These instructions are to help setting up Miniconda and the correct Python environment for training Deep Learning CNN models on the Noether cluster.
To transfer files between uboonegpvm
and Noether, Kerberos is needed. Follow these steps:
-
Download the krb5.conf for SL7 from here.
-
Copy the file into your home directory on Noether.
-
Once downloaded, get a Kerberos ticket on Noether by running the following command:
kinit -fA <username>@FNAL.GOV
After logging into the Noether cluster, you will need to create a grid session with GPU access and install Miniforge:
-
Request a GPU session by running:
qrsh request_gpus=1
-
Navigate to your home directory and install Miniforge:
cd curl -L -O "https://github.com/conda-forge/miniforge/releases/latest/download/Miniforge3-$(uname)-$(uname -m).sh" bash Miniforge3-$(uname)-$(uname -m).sh
-
Once Miniforge is installed, initialise conda:
source ~/.bashrc conda init
Next, you will create the required Python environment and install the necessary libraries:
-
Create a new conda environment:
conda create -n python3LEE python=3.8
-
Activate the environment:
conda activate python3LEE
-
Install the required libraries:
conda install scipy pandas==1.0.5 matplotlib pyyaml tqdm scikit-learn jupyter pip install torch opencv-python
-
Verify that PyTorch is detecting the GPU:
python -c "import torch; print(torch.cuda.is_available())"

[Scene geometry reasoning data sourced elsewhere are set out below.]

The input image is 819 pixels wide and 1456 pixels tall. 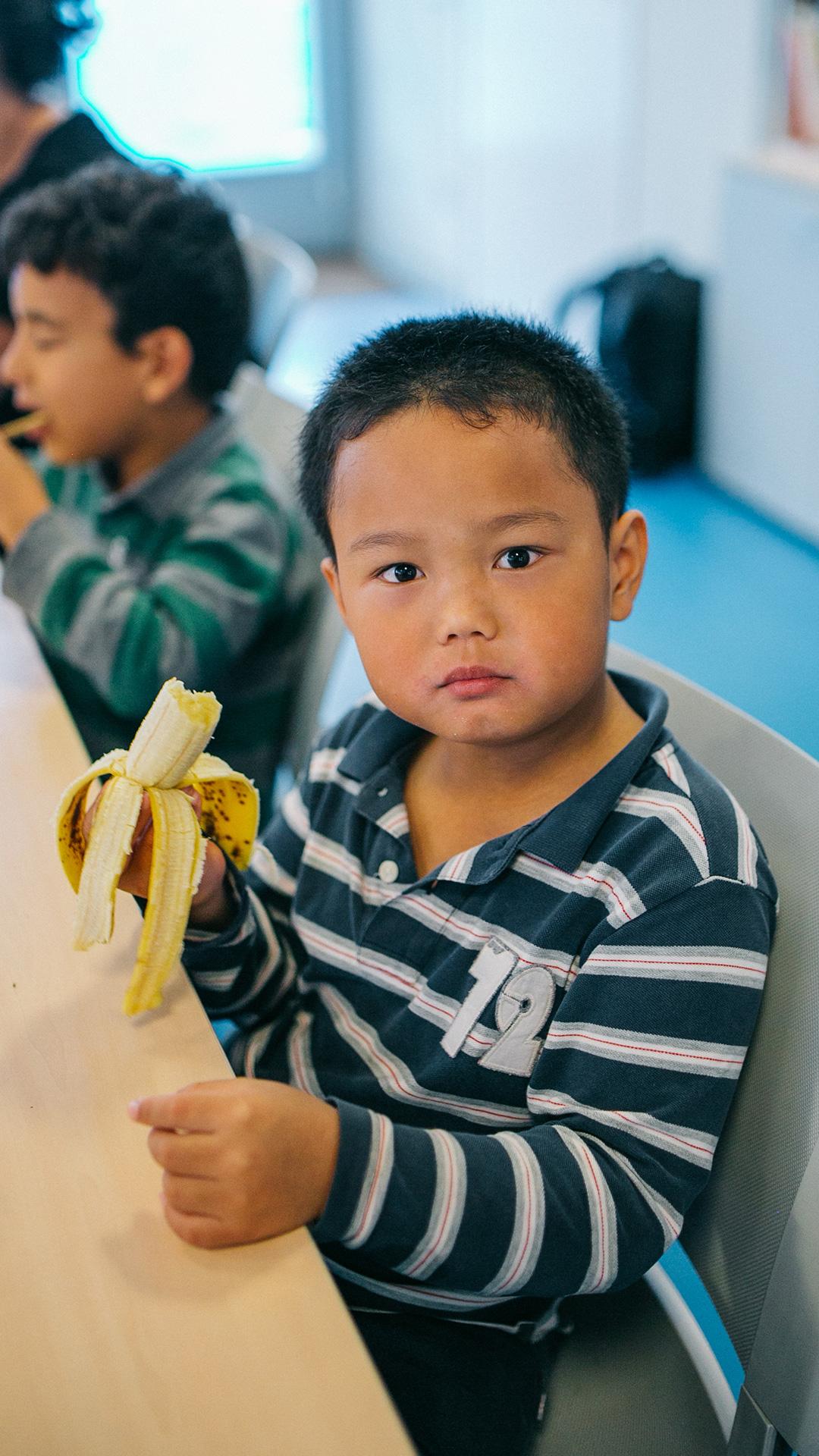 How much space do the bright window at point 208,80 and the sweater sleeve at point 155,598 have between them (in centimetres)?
389

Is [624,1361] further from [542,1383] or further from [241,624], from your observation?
[241,624]

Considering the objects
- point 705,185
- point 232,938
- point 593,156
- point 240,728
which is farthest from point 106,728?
point 593,156

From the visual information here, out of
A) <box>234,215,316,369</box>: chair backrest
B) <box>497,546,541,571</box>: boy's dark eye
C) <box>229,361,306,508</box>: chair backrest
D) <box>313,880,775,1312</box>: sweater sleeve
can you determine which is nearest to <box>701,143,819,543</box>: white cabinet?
<box>234,215,316,369</box>: chair backrest

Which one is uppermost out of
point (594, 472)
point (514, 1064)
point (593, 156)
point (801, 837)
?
point (594, 472)

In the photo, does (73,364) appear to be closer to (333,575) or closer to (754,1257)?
(333,575)

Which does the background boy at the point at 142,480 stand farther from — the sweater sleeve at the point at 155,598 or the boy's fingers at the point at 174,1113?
the boy's fingers at the point at 174,1113

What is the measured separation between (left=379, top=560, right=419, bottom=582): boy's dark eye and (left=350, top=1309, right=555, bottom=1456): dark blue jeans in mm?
404

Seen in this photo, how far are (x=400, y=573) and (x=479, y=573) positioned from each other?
0.18 feet

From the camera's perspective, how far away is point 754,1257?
670 millimetres

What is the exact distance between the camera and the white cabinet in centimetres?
275

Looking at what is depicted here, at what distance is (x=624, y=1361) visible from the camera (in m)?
0.77

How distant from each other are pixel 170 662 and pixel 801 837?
0.68 metres

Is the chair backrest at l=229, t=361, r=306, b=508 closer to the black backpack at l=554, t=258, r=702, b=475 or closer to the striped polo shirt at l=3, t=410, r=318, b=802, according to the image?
the striped polo shirt at l=3, t=410, r=318, b=802

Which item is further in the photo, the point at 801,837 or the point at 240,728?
the point at 240,728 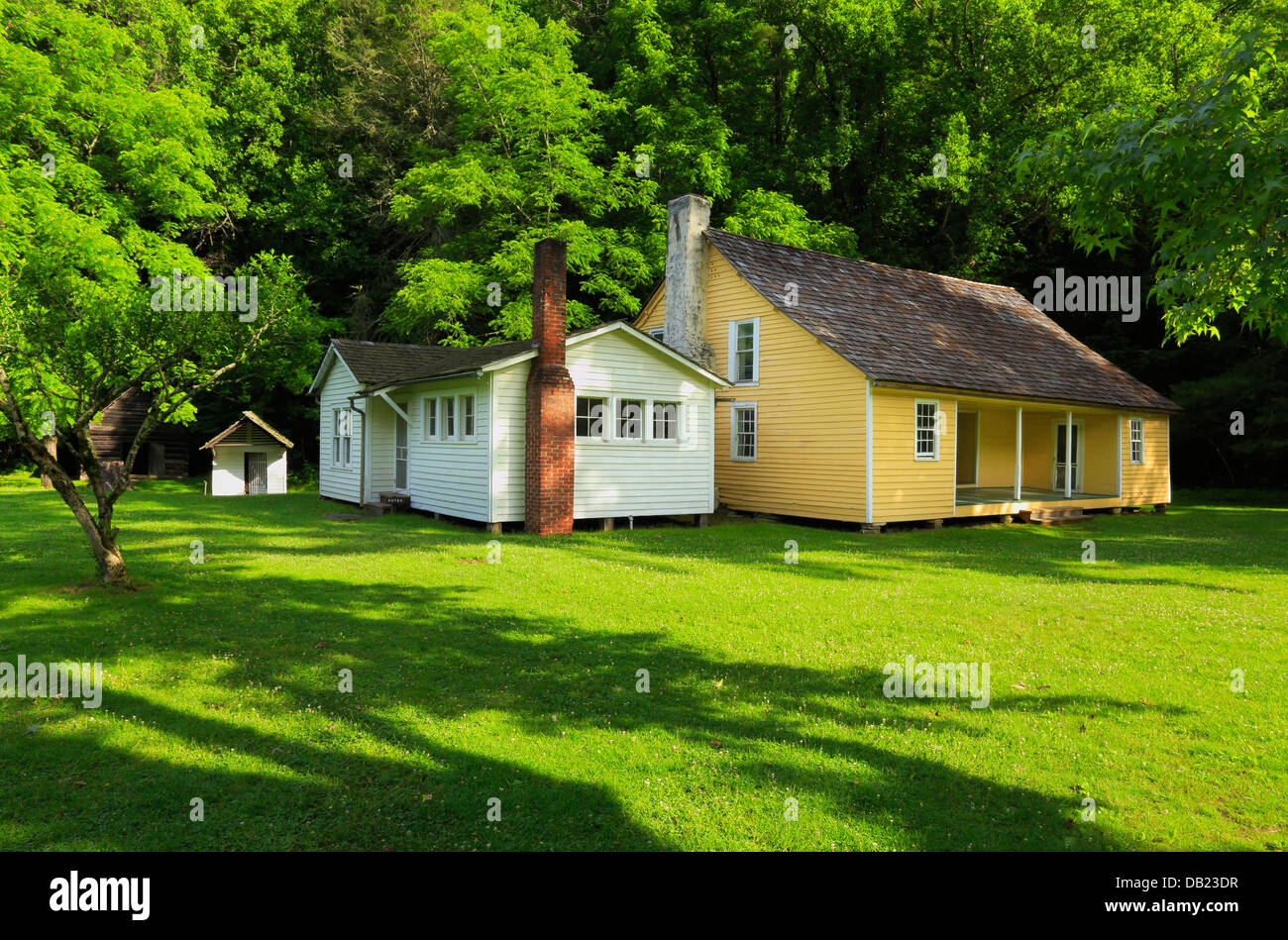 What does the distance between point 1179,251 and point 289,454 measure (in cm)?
3550

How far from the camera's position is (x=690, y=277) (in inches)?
906

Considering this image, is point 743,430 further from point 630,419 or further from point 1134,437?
point 1134,437

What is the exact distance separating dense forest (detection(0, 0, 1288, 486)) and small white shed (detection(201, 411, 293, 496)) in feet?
12.7

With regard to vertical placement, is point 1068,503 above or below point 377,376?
below

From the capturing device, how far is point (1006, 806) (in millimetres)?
4836

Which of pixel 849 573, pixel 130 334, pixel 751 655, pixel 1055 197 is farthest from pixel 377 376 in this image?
pixel 1055 197

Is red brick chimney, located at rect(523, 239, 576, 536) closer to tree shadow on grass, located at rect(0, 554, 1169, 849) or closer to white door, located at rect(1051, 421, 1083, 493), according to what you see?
tree shadow on grass, located at rect(0, 554, 1169, 849)

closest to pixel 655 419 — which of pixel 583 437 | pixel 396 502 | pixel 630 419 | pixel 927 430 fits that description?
pixel 630 419

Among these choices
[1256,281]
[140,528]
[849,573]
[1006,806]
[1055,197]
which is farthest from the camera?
[1055,197]

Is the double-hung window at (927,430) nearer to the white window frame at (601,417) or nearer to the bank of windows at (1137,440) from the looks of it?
the white window frame at (601,417)

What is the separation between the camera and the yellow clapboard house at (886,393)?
19.3 m

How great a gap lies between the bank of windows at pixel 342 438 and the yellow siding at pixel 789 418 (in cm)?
1127

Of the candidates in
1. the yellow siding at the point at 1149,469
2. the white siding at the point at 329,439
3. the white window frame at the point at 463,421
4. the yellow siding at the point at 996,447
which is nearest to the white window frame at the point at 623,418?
the white window frame at the point at 463,421

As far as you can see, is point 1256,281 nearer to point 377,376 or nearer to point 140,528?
point 140,528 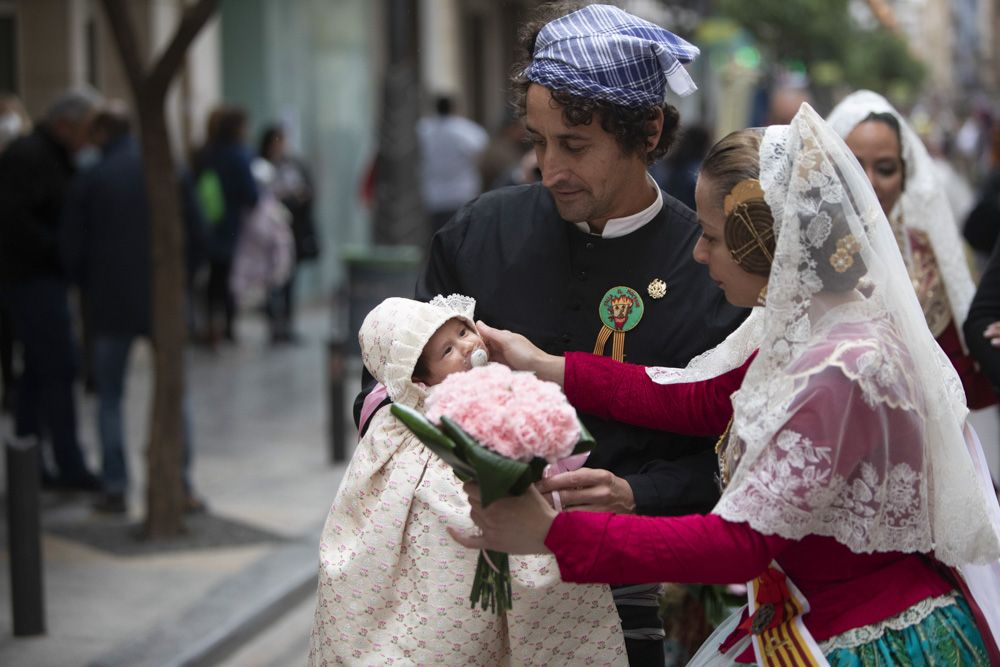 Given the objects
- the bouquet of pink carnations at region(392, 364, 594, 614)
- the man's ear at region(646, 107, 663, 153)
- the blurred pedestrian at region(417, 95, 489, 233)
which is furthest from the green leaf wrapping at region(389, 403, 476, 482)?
the blurred pedestrian at region(417, 95, 489, 233)

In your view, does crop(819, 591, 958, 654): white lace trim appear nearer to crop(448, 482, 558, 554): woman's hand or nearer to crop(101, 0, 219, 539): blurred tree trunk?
crop(448, 482, 558, 554): woman's hand

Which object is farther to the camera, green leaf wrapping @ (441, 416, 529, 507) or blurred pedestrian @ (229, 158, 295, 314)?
blurred pedestrian @ (229, 158, 295, 314)

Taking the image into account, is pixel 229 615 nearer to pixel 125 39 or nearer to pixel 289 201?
pixel 125 39

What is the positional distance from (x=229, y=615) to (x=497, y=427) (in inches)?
169

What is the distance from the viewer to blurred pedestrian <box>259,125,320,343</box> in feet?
46.9

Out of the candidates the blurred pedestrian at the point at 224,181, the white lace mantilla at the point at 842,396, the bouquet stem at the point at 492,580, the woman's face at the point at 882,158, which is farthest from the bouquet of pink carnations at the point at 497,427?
the blurred pedestrian at the point at 224,181

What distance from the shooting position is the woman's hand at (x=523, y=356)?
9.77 feet

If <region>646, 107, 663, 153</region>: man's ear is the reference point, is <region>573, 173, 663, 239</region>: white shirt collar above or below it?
below

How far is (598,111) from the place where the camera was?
2.99 m

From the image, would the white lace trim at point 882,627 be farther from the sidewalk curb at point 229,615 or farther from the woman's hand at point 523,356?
the sidewalk curb at point 229,615

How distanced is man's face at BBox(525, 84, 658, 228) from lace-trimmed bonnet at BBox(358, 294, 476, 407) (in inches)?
13.8

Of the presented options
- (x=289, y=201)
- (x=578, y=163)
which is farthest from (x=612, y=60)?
(x=289, y=201)

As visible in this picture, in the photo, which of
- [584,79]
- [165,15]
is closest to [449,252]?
[584,79]

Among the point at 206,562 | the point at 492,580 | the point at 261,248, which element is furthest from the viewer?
the point at 261,248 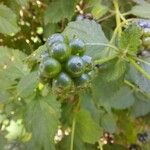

To run Jupyter notebooks on Noether with port forwarding, you will need to create three scripts.
-
Jupyter Script: Create the script
/gluster/home/<username>/scripts/bin/jupyter.sh
to launch Jupyter:#!/bin/bash # Script to run a Jupyter notebook on a specific port source /gluster/home/<username>/bin/conda_setup.sh python3LEE alias converttopy='jupyter nbconvert --to script' alias openjpnotebook='jupyter notebook --no-browser --port 1234' cd /gluster/home/<username>/DeepLearning/ jupyter notebook --no-browser --port=1234
-
Condor Submission File: Create a Condor submission file to run the Jupyter notebook with resource allocation. Save this as
/gluster/home/<username>/etc/jupyter.sub
:executable = bin/jupyter.sh request_memory = 8G request_cpus = 4 request_gpus = 1 request_disk = 5G initialdir = $ENV(HOME)/scripts output = out/jupyter/jupyter-$(Process).out error = out/jupyter/jupyter-$(Process).err log = out/jupyter/jupyter-$(Process).log arguments = $(Process) should_transfer_files = yes when_to_transfer_output = ON_EXIT queue 1
-
Conda Environment Setup Script: Create a script to manage your Conda environments. Save this as
/gluster/home/<username>/bin/conda_setup.sh
:#!/bin/bash /gluster/home/<username>/miniforge3/etc/profile.d/conda.sh conda init source ~/.bashrc conda activate "$1" alias converttopy='jupyter nbconvert --to script' alias openjpnotebook='jupyter notebook --no-browser --port 1234'
To access Jupyter notebooks remotely, follow these steps:
-
Disconnect from Noether and reconnect with port forwarding:
ssh -gL 1234:localhost:1234 <username>@noether.hep.manchester.ac.uk
-
Submit the Condor job to start the Jupyter notebook:
cd scripts condor_submit etc/jupyter.sub
-
Connect to the running Condor job using:
condor_ssh_to_job -ssh "ssh -gL 1234:localhost:1234" JOB_ID
-
Open the Jupyter notebook by visiting
http://localhost:1234
in your browser. Your working directory will be/gluster/home/<username>/DeepLearning/
.